**Collected data**
--- START ---

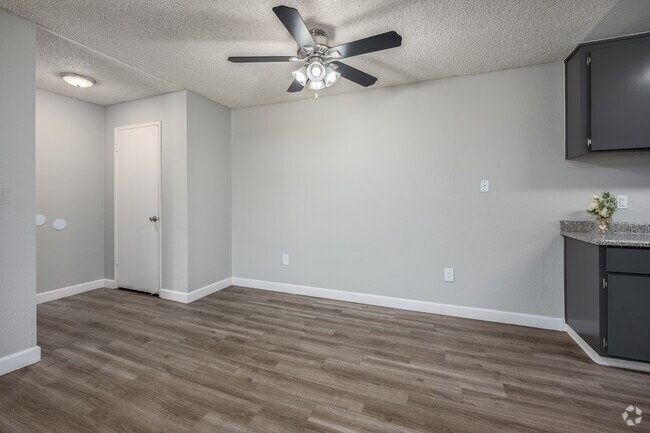 1BR, 1BA - 775SF - Dining Room - Arbor Ridge 1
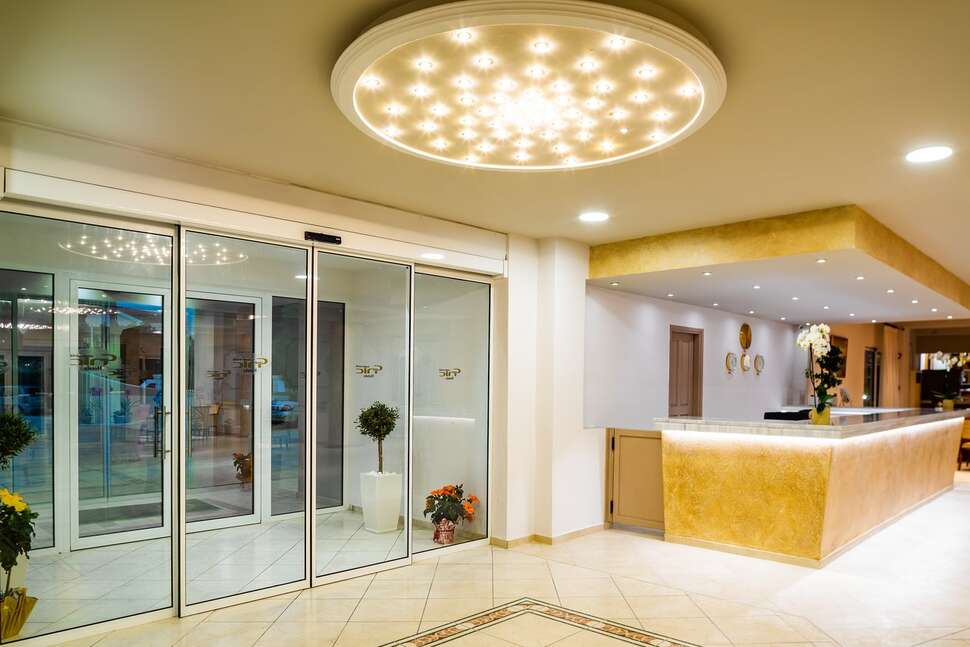Een foto van het interieur van Cnic Gemini Hotel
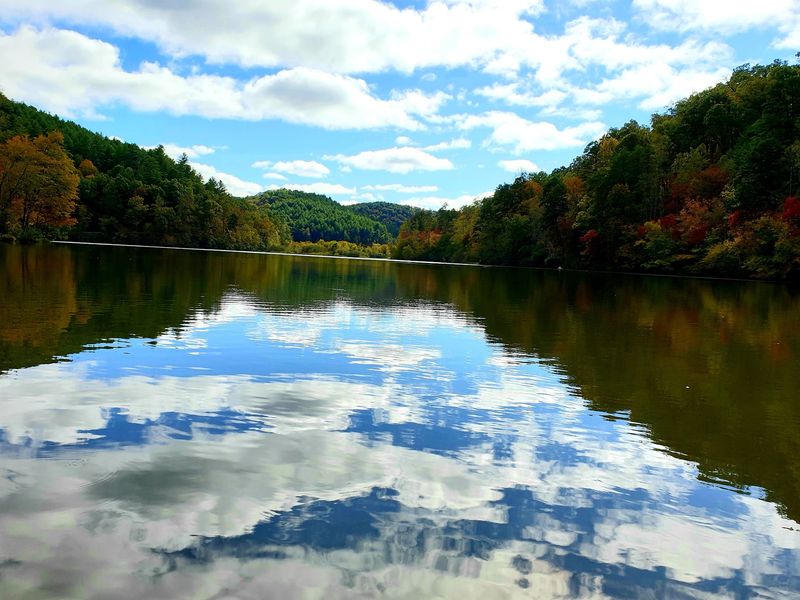 Put This Hidden North Carolina Lake On Your Radar Before Fall Colors Arrive - Decor Hint A Scenic Drive Through Far Western North Carolina Fits Perfectly Around The Stop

--- END ---

**What is expected**
After removing the pictures, transcribe the listing above exactly.

**Result of the task**
 1BR, 1BA - 775SF - Dining Room - Arbor Ridge 1
Een foto van het interieur van Cnic Gemini Hotel
 Put This Hidden North Carolina Lake On Your Radar Before Fall Colors Arrive - Decor Hint A Scenic Drive Through Far Western North Carolina Fits Perfectly Around The Stop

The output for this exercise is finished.